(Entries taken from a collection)
____________

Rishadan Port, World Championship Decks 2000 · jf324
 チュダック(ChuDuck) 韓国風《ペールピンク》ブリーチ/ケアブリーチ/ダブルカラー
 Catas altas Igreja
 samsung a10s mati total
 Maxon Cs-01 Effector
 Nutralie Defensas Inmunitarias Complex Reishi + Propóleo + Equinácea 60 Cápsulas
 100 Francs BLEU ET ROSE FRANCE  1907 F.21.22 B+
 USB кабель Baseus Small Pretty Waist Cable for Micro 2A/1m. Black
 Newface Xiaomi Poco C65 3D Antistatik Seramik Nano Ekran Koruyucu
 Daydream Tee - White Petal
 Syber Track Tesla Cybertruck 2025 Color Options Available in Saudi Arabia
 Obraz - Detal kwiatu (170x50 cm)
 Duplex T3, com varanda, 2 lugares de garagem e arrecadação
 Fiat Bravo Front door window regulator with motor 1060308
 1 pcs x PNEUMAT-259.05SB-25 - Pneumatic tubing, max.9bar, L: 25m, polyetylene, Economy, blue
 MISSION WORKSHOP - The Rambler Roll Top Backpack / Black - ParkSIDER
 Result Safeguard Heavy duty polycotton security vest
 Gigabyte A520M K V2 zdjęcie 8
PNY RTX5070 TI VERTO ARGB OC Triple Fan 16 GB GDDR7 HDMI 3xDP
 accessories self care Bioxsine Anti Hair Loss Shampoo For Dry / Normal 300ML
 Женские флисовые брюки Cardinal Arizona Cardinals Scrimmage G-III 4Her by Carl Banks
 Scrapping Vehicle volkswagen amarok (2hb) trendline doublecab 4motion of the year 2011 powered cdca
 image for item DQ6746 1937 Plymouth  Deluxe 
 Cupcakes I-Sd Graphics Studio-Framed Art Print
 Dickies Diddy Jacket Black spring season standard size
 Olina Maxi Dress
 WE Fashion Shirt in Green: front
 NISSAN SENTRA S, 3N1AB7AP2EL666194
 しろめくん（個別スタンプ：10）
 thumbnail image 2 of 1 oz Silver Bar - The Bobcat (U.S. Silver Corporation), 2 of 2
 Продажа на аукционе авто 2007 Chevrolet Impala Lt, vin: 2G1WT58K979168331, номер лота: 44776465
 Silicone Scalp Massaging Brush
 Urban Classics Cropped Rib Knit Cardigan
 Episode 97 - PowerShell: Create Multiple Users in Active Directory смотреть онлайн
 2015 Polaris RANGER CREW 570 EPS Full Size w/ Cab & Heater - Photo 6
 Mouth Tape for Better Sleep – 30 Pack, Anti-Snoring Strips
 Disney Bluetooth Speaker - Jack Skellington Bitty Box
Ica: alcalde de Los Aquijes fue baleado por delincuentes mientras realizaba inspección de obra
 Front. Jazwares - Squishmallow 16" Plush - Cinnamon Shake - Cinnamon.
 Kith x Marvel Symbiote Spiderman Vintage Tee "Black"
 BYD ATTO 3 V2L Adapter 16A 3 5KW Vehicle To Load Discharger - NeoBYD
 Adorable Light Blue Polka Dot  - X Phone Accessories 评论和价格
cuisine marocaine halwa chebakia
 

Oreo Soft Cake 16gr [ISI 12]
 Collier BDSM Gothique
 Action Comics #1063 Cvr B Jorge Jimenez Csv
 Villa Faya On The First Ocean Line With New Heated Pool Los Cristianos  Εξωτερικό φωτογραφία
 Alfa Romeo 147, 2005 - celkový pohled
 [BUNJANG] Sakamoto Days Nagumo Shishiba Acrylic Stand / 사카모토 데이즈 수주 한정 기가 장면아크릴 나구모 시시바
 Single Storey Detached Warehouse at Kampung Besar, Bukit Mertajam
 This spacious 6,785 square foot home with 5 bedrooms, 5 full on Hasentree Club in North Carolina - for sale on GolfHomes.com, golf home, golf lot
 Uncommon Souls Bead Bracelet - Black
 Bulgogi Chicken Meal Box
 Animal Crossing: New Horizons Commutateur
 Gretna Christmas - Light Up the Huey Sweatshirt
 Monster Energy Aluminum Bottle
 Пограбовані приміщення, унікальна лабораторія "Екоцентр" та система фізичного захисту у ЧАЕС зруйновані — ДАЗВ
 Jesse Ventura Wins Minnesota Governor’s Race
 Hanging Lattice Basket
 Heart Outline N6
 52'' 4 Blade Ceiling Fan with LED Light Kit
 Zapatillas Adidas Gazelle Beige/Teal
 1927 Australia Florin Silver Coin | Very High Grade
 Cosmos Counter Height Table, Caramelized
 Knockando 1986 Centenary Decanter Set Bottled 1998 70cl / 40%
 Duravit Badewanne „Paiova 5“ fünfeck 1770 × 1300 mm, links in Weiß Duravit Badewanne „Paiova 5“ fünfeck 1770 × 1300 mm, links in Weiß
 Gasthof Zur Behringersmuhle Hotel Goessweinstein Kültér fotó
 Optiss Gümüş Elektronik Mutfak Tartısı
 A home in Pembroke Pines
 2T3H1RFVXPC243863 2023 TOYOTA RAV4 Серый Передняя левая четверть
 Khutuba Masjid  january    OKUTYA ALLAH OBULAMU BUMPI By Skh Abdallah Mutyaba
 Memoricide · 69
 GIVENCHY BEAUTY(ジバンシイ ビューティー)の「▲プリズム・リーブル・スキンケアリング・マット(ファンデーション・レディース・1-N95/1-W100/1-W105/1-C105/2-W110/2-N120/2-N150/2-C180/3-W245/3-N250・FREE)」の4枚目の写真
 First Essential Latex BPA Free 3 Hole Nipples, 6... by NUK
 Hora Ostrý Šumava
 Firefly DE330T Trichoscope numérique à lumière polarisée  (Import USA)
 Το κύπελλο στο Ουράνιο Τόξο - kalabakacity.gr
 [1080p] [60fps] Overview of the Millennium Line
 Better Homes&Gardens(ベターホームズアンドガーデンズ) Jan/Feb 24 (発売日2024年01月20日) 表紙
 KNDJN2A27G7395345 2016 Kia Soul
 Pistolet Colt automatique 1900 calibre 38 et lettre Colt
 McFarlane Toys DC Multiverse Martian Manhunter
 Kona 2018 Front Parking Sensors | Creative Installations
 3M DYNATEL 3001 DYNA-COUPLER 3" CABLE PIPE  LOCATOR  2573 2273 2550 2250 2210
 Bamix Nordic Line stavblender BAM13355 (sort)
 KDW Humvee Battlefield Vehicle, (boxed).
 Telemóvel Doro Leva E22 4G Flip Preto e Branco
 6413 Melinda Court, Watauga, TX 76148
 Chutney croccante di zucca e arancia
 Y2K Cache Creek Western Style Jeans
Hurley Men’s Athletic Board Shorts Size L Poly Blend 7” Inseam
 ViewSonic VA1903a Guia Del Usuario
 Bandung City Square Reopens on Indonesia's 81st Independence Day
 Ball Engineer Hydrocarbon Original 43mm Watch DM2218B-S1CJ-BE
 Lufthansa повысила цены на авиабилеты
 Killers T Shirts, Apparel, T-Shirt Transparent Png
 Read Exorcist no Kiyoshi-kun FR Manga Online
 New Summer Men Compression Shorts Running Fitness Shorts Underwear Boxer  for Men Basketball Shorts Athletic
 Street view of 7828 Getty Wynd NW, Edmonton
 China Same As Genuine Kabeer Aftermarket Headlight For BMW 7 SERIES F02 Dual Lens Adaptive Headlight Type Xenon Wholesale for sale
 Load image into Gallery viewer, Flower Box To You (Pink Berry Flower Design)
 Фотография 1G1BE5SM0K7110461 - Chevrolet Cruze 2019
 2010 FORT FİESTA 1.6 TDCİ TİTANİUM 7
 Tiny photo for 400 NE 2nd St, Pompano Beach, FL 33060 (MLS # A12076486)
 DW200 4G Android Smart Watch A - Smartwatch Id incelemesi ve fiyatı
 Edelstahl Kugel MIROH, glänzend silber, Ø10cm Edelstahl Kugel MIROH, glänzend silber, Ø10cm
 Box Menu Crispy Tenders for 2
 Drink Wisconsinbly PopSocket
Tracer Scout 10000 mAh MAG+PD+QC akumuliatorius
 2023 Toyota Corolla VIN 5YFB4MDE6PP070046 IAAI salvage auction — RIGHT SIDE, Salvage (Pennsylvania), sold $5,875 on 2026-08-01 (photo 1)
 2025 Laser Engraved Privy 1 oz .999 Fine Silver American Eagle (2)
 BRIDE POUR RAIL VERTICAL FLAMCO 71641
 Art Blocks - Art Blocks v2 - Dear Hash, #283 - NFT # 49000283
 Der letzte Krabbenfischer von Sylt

____________

● What the task asks
Count of lines with "Load": please work it out for the entries above and give the number by itself.

● Your response
2